Диспут о «роковых ошибках» затянулся до позднего вечера.
На кораблях долго о нем еще вспоминали; многие смеялись до слез, вспоминая злобный выкрик: «Наглая ложь!»
«Ловко ее отчитал Живцов, век помнить будет, да и другие поостерегутся, — говорили в кают-компаниях. — А главное, и придраться нельзя: выступал, не называя фамилий!»
Фрол умел хорошо хранить тайны — не только служебные. И никто от него не услышал ни слова, кроме Петра Ивановича, адмирала и самого героя этой истории — тому Фрол устроил хорошую взбучку.
8
Фрол вышел на корабле Ростислава и молчаливо одобрял поведение в море своего однокашника по училищу.

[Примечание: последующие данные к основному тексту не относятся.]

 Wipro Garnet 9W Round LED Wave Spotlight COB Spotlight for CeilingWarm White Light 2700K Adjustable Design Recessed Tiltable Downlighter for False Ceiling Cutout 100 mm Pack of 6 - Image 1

Крамской и не заикнулся о том, что хорошо бы вернуться в базу; в море бушевал шторм, и, хотя современные противолодочные корабли — не чета прежним деревянным «охотникам», шторм все-таки швыряет их с волны на волну. Люди на корабле работали в тесных душных отсеках, скатывались по скользкой палубе к переборкам, — но тем не менее выполняли все, что положено, и не очень отчаивались.
Ростиславу не пришлось воевать, а Фрол хорошо помнил, как в войну и на деревянных катерах, боровшихся со штормовыми волнами, люди все же выполняли приказ; сжимаемые льдами, выполняли приказ; выполняли его и под огнем вражеских самолетов и кораблей.

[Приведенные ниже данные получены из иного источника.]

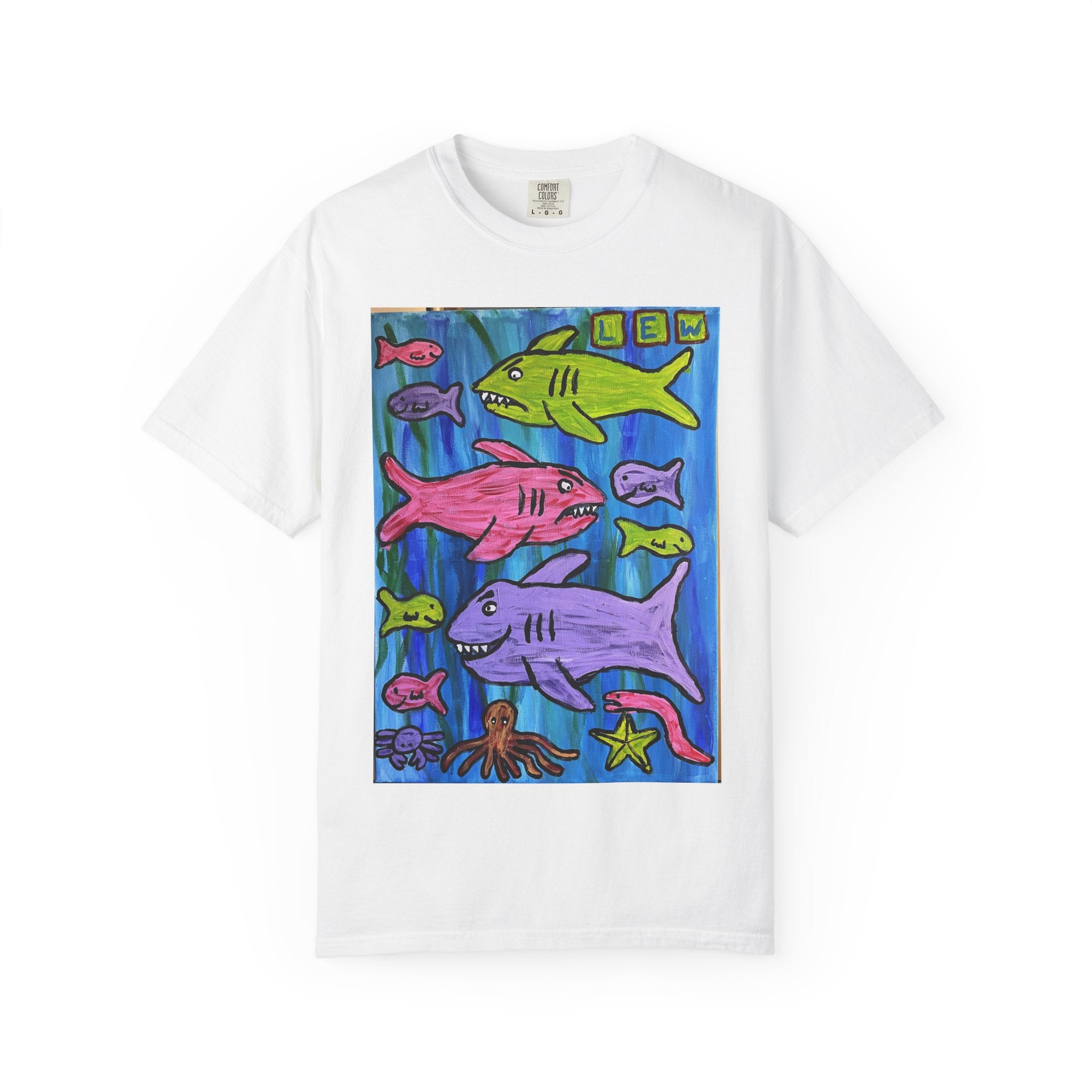 Colorful Cartoon Sharks T-Shirt — Cute Ocean Fish Art Tee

Фрол оценивал: «Молодец, Слава!» Это было высшей его похвалой.
Нравился ему и другой однокашник его по училищу — Барышев, щупленький, в чем душа держится, но настоящий моряк. Прокладка курса была безупречна. Ростислав и его команда выдержали испытание с честью. «Марсофлоты», — с чувством оценил Фрол. Их одобрил бы и Крамской, первый командир Фрола, одобрил бы и Русьев, его приемный отец. Как жаль, что его нет на свете, Виталия Дмитриевича!
...Несколько лет назад Фрол получил письмо с юга:
«Фролушка, милый ты мой, если сможешь, приезжай повидаться. И не задерживайся...»
Была пора осенних учений, но Фрол понимал: раз Виталий Дмитриевич зовет, надо ехать во что бы то ни стало. Командир соединения отпустил его на несколько дней. Стэлла проводила до аэропорта.
В самолете Фрол вспоминал, как впервые встретился с Русьевым. Сорок второй год, батумская набережная, и на ней — отставший от «Грозы» веснушчатый рыжий мальчишка в отцовской тельняшке. Веера пальм, зеленые столбики кипарисов, синее, совсем невоенное море, и только корабли у причалов — один с оторванной кормой, другой с оторванным носом — напоминали о том, что идет война. Фрол был так одинок и так голоден в этом жарком Батуми! Он очень обрадовался, когда усатый боцман с торпедного катера спросил его, кто он такой. Узнав, что Фрол — севастополец, Фокий Павлович (так звали боцмана) доложил о нем лейтенанту.
Лейтенант Русьев был молод, белобров, светлоус — усики у него были крохотные, похожие на зубную щетку. Катер готовился к выходу, и разговаривать было некогда. Русьев выслушал боцмана, окинул быстрым взглядом Фрола, сказал: «В самом деле, не пропадать же севастопольцу! Грузись!»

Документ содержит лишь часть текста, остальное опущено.